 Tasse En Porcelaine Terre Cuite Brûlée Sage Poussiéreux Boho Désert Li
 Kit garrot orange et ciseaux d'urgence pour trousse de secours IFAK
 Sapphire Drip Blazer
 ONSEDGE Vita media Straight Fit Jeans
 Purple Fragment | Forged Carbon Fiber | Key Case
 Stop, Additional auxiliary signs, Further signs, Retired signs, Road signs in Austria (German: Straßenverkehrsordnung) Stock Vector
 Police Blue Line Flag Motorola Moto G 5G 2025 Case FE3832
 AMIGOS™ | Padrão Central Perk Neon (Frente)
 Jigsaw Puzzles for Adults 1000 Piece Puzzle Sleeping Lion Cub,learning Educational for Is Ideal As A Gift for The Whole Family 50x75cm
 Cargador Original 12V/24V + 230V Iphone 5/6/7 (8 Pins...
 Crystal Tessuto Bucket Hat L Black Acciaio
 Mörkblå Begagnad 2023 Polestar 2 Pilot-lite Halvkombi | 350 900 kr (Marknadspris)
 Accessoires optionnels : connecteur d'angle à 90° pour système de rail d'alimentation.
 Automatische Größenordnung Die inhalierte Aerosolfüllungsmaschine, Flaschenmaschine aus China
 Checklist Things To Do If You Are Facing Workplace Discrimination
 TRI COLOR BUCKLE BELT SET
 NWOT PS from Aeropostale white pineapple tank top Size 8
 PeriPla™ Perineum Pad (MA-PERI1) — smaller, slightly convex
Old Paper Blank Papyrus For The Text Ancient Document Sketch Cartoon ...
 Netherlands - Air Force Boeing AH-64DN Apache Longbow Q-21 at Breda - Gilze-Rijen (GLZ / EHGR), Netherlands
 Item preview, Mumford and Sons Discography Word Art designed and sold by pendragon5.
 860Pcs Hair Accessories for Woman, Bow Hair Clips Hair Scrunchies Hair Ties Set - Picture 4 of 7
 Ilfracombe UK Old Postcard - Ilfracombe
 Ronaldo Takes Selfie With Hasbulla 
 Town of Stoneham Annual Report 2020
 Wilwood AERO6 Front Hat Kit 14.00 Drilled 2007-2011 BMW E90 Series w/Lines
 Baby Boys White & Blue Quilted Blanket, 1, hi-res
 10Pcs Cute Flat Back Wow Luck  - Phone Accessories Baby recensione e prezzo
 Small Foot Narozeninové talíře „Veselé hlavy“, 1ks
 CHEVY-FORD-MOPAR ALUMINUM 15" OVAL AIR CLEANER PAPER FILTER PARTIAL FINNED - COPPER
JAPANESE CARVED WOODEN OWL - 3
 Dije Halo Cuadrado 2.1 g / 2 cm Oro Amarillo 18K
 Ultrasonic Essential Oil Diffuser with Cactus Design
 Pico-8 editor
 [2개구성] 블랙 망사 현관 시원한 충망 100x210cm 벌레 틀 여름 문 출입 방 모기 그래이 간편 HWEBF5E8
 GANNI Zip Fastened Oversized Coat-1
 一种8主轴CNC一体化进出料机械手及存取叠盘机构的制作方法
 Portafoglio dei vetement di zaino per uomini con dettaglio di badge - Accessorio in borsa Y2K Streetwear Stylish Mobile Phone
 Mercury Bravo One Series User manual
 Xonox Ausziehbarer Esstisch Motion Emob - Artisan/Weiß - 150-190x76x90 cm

§ **Your task**
The whole listing above needs to be reproduced exactly.

§ **Solution to the exercise**
 Tasse En Porcelaine Terre Cuite Brûlée Sage Poussiéreux Boho Désert Li
 Kit garrot orange et ciseaux d'urgence pour trousse de secours IFAK
 Sapphire Drip Blazer
 ONSEDGE Vita media Straight Fit Jeans
 Purple Fragment | Forged Carbon Fiber | Key Case
 Stop, Additional auxiliary signs, Further signs, Retired signs, Road signs in Austria (German: Straßenverkehrsordnung) Stock Vector
 Police Blue Line Flag Motorola Moto G 5G 2025 Case FE3832
 AMIGOS™ | Padrão Central Perk Neon (Frente)
 Jigsaw Puzzles for Adults 1000 Piece Puzzle Sleeping Lion Cub,learning Educational for Is Ideal As A Gift for The Whole Family 50x75cm
 Cargador Original 12V/24V + 230V Iphone 5/6/7 (8 Pins...
 Crystal Tessuto Bucket Hat L Black Acciaio
 Mörkblå Begagnad 2023 Polestar 2 Pilot-lite Halvkombi | 350 900 kr (Marknadspris)
 Accessoires optionnels : connecteur d'angle à 90° pour système de rail d'alimentation.
 Automatische Größenordnung Die inhalierte Aerosolfüllungsmaschine, Flaschenmaschine aus China
 Checklist Things To Do If You Are Facing Workplace Discrimination
 TRI COLOR BUCKLE BELT SET
 NWOT PS from Aeropostale white pineapple tank top Size 8
 PeriPla™ Perineum Pad (MA-PERI1) — smaller, slightly convex
Old Paper Blank Papyrus For The Text Ancient Document Sketch Cartoon ...
 Netherlands - Air Force Boeing AH-64DN Apache Longbow Q-21 at Breda - Gilze-Rijen (GLZ / EHGR), Netherlands
 Item preview, Mumford and Sons Discography Word Art designed and sold by pendragon5.
 860Pcs Hair Accessories for Woman, Bow Hair Clips Hair Scrunchies Hair Ties Set - Picture 4 of 7
 Ilfracombe UK Old Postcard - Ilfracombe
 Ronaldo Takes Selfie With Hasbulla 
 Town of Stoneham Annual Report 2020
 Wilwood AERO6 Front Hat Kit 14.00 Drilled 2007-2011 BMW E90 Series w/Lines
 Baby Boys White & Blue Quilted Blanket, 1, hi-res
 10Pcs Cute Flat Back Wow Luck  - Phone Accessories Baby recensione e prezzo
 Small Foot Narozeninové talíře „Veselé hlavy“, 1ks
 CHEVY-FORD-MOPAR ALUMINUM 15" OVAL AIR CLEANER PAPER FILTER PARTIAL FINNED - COPPER
JAPANESE CARVED WOODEN OWL - 3
 Dije Halo Cuadrado 2.1 g / 2 cm Oro Amarillo 18K
 Ultrasonic Essential Oil Diffuser with Cactus Design
 Pico-8 editor
 [2개구성] 블랙 망사 현관 시원한 충망 100x210cm 벌레 틀 여름 문 출입 방 모기 그래이 간편 HWEBF5E8
 GANNI Zip Fastened Oversized Coat-1
 一种8主轴CNC一体化进出料机械手及存取叠盘机构的制作方法
 Portafoglio dei vetement di zaino per uomini con dettaglio di badge - Accessorio in borsa Y2K Streetwear Stylish Mobile Phone
 Mercury Bravo One Series User manual
 Xonox Ausziehbarer Esstisch Motion Emob - Artisan/Weiß - 150-190x76x90 cm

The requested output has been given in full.